**SUPPLIED RECORDS:**
+-------+
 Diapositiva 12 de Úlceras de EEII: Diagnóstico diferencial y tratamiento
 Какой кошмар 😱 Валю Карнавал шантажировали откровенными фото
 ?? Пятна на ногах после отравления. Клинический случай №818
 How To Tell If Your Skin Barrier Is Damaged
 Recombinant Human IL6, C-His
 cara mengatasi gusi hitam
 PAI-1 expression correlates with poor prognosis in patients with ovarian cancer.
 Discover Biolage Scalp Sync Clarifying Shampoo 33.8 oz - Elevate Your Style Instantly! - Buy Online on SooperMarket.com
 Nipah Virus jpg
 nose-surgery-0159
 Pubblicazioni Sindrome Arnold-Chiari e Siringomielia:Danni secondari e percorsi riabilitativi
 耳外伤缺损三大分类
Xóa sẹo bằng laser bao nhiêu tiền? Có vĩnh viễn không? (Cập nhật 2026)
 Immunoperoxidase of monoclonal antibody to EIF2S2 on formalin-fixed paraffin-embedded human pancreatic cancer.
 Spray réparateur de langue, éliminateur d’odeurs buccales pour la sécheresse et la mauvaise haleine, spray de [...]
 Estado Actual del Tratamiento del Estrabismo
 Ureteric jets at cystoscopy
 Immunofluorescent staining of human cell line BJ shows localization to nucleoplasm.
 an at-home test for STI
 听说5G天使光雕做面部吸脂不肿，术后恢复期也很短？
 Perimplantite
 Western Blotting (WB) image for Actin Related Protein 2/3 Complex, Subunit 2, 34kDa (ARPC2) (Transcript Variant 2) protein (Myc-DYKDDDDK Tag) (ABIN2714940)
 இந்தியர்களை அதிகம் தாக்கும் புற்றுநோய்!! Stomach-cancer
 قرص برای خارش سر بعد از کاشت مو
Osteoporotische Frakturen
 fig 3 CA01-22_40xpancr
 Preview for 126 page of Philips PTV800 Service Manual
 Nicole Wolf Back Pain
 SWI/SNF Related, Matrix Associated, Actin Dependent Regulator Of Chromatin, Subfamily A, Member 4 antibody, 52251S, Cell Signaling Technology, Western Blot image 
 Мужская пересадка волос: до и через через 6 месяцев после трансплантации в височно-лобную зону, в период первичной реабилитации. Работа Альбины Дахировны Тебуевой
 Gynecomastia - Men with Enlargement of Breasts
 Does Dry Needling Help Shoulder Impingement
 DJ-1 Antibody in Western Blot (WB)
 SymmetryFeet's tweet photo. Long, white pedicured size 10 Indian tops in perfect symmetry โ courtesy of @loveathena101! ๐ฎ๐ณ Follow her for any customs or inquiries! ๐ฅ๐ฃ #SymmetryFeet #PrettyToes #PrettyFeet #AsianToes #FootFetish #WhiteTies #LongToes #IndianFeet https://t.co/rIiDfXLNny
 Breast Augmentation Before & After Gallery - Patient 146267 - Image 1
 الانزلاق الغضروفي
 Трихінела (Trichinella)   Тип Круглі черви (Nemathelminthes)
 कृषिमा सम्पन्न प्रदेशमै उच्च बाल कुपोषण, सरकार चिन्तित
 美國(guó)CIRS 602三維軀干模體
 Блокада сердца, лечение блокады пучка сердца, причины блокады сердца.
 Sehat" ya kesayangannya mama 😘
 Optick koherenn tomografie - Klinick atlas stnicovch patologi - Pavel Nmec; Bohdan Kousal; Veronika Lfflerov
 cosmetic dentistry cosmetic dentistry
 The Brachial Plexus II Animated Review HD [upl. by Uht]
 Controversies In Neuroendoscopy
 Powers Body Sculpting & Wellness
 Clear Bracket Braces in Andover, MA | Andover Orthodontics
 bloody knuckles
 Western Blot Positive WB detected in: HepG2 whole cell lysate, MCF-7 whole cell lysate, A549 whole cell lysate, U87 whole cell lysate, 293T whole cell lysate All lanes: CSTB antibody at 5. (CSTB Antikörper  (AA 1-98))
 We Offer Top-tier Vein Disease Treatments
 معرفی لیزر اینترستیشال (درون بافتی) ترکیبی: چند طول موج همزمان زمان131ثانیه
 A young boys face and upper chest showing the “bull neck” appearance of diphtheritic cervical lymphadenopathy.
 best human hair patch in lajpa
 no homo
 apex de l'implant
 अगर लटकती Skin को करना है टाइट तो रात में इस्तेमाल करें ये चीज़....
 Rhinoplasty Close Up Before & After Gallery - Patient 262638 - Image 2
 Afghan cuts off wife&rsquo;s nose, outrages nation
+-------+
**INSTRUCTIONS FOR THE TASK:**
Using only the listing above, restate exactly the lines from the line containing "Perimplantite" through the line containing "SWI/SNF Related, Matrix", both included.

**FINAL ANSWER:**
 Perimplantite
 Western Blotting (WB) image for Actin Related Protein 2/3 Complex, Subunit 2, 34kDa (ARPC2) (Transcript Variant 2) protein (Myc-DYKDDDDK Tag) (ABIN2714940)
 இந்தியர்களை அதிகம் தாக்கும் புற்றுநோய்!! Stomach-cancer
 قرص برای خارش سر بعد از کاشت مو
Osteoporotische Frakturen
 fig 3 CA01-22_40xpancr
 Preview for 126 page of Philips PTV800 Service Manual
 Nicole Wolf Back Pain
 SWI/SNF Related, Matrix Associated, Actin Dependent Regulator Of Chromatin, Subfamily A, Member 4 antibody, 52251S, Cell Signaling Technology, Western Blot image 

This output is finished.